White wine, shallots, lemon and butter. This was my accidental communion, my sudden and unexpected connection with something that wasn’t quite divine, but hit me with that same sort of lightning-bolt flash of profound understanding usually associated with fanatical religious conversions. On tasting one of those mussels done so simply and so unwittingly well, I realized there was more to food than just food. It was a revelation.

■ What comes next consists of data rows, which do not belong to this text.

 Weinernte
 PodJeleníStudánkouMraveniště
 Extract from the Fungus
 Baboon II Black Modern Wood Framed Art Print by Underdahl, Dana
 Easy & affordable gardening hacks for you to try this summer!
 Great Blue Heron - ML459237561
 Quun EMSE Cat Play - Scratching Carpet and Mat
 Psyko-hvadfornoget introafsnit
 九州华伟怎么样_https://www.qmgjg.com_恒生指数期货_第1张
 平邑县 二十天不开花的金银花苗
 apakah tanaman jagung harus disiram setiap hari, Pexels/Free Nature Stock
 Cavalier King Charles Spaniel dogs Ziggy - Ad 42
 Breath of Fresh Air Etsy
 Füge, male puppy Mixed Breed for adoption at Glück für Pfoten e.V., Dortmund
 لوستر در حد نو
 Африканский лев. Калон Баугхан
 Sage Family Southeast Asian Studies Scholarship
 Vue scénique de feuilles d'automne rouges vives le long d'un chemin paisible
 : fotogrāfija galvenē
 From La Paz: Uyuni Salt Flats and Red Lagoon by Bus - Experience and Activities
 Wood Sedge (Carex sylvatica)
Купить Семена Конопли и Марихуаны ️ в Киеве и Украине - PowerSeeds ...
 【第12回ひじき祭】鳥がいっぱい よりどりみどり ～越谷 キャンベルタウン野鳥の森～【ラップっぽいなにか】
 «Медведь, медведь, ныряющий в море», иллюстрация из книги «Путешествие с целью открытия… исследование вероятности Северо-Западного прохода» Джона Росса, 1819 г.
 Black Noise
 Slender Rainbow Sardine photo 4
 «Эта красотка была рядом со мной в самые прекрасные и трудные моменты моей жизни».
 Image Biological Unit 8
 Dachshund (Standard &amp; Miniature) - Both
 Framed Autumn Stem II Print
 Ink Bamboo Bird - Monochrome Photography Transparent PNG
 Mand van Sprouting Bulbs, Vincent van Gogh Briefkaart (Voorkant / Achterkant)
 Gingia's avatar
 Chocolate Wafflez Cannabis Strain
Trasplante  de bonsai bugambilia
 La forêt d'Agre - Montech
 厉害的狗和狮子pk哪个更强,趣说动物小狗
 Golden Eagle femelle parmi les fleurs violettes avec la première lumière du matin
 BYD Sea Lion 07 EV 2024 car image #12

I don’t know if anyone in Le Central’s kitchen has undergone a similar conversion, but their moules mariniere and moules aux petit lardons were as close as I’ve come to that one ideal taste that day in my kitchen, a taste I’ve been chasing ever since. Lemon, butter, wine and shallots in perfect balance, the sauce warm and sweet and sour and luxurious all at the same time, the black mussels fresh and tender, pink and clean inside, and at once tasting like the sea, the sand and the salt air. Mine was an accident, done once and never repeated. But like most things I’ve tried at Le Central, the mussels were that way every time: only perfect, and nothing more.